Infadous nous conduisit à une passe à travers la montagne, au nord de la route de Salomon. C’était un chemin beaucoup plus facile que celui que nous avions suivi pour venir. Les chasseurs du pays le prennent quand ils poursuivent l’autruche dans les sables arides où elle vagabonde. Ses plumes sont l’objet d’un trafic très actif. Infadous nous apprit que des chasseurs avaient connaissance d’une oasis fertile à une certaine distance, et il nous conseilla de marcher dans cette direction. L’idée nous parut bonne. Les chasseurs qui se trouvaient dans l’escorte assuraient que, de l’oasis, nous gagnerions facilement les terres habitables. Nous supposâmes alors que la mère d’Ignosi avait pris cette route pour quitter le pays lorsqu’elle fuyait Touala et Gagoul ; par cette voie, la délivrance de cette femme n’avait rien d’extraordinaire.

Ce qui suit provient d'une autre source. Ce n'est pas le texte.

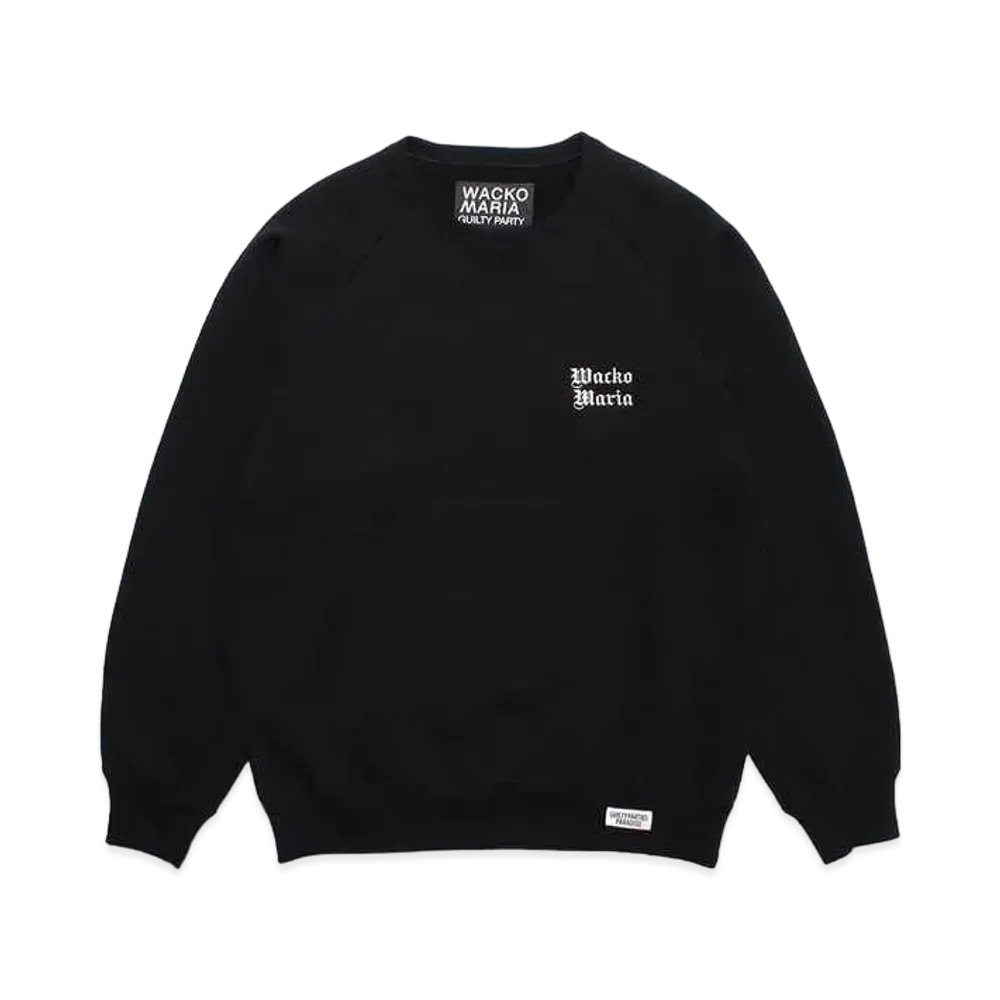 WACKO MARIA Heavy Weight Sweat Shirt "Black"
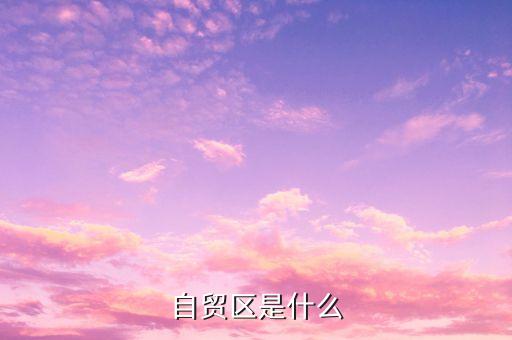 自貿(mào)區(qū)是什么，什么叫自貿(mào)區(qū)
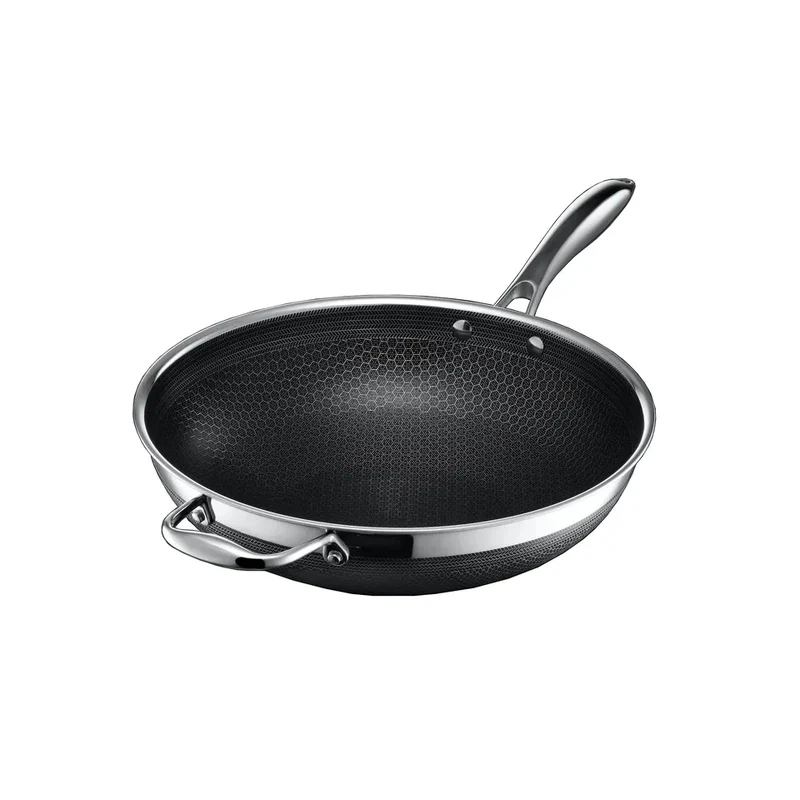 Hexclad Hybrid Wokpanna 30 cm Rostfritt stål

En voyageant sans nous presser, nous arrivâmes, le quatrième jour, à la muraille montagneuse qui sépare le pays des Koukouanas du désert. Devant nous rayonnait l’immensité des vagues sablonneuses. On nous indiqua la pente rapide que nous avions à descendre et nous nous séparâmes de notre brave et loyal ami Infadous. Il nous quitta en nous souhaitant mille bonnes chances, et, tout vieux guerrier qu’il était, il avait des larmes dans la voix.
« Jamais, ô mes seigneurs, disait-il, je ne reverrai vos semblables ! Jamais mes yeux ne contempleront vos pareils. Oh ! comme Incoubou abattait les hommes à la guerre ! De quel coup il fit rouler la tête de Touala ! C’était un coup de maître ! Même dans mes rêves, je ne verrai rien qui le surpasse. »
Nous ne pouvions rester insensibles à une si affectueuse manifestation. Good en fut tellement touché qu’il voulut offrir un souvenir au vieux chef. Il alla jusqu’à lui faire le sacrifice de son monocle. Rassurez-vous, Good ne fut pas dépouillé de son ornement indispensable. Nous sûmes alors qu’il en avait un de rechange, dans quelque retraite ignorée. Infadous apprécia ce don à sa juste valeur. Il vit immédiatement de quel prestige cet appendice rare allait le rehausser parmi ses compatriotes. Après quelques essais infructueux, il réussit à l’encadrer dans son arcade sourcilière, et la satisfaction du vieux guerrier fut à son comble. C’était un comble aussi de voir ce vieux sauvage avec cet ornement disparate. Non, décidément les monocles ne cadrent pas avec les costumes de peaux de léopard, les plumes d’autruche, les ceintures et les genouillères de queues de bœuf.
Bref, bien renseignés, approvisionnés d’eau, nous serrâmes la main au chef et nous le quittâmes, suivis du bruyant salut des Buffles.
Nos pérégrinations recommencèrent. La descente était rude ; malgré cela, le soleil couchant nous trouva campés sains et saufs au bas de la montagne.
Le soir, près du feu, sir Henry dit :
« Nous n’aurions pas été trop malheureux chez ces sauvages, après tout. Qui sait si les pays civilisés nous seront aussi favorables !
— J’ai bonne envie d’y retourner, vraiment, dit Good ; nos propres compatriotes ne nous feront pas tant d’accueil, à coup sûr.
— Pour moi, dis-je, j’avoue que tout est bien qui finit bien. Ma vie a été accidentée ; mais je n’ai jamais vu rien de comparable à cette bataille. Le souvenir de Touala me fait encore l’effet d’un cauchemar, et, quant à ce séjour dans la montagne, le mieux est de n’y plus penser. »
Le lendemain, nous reprîmes notre marche. Le matin du troisième jour, nous distinguions les arbres de l’oasis. Avant le coucher du soleil, nos pieds brûlants foulaient l’herbe verte, et nous nous désaltérions au courant d’eau fraîche qui fertilise cette oasis.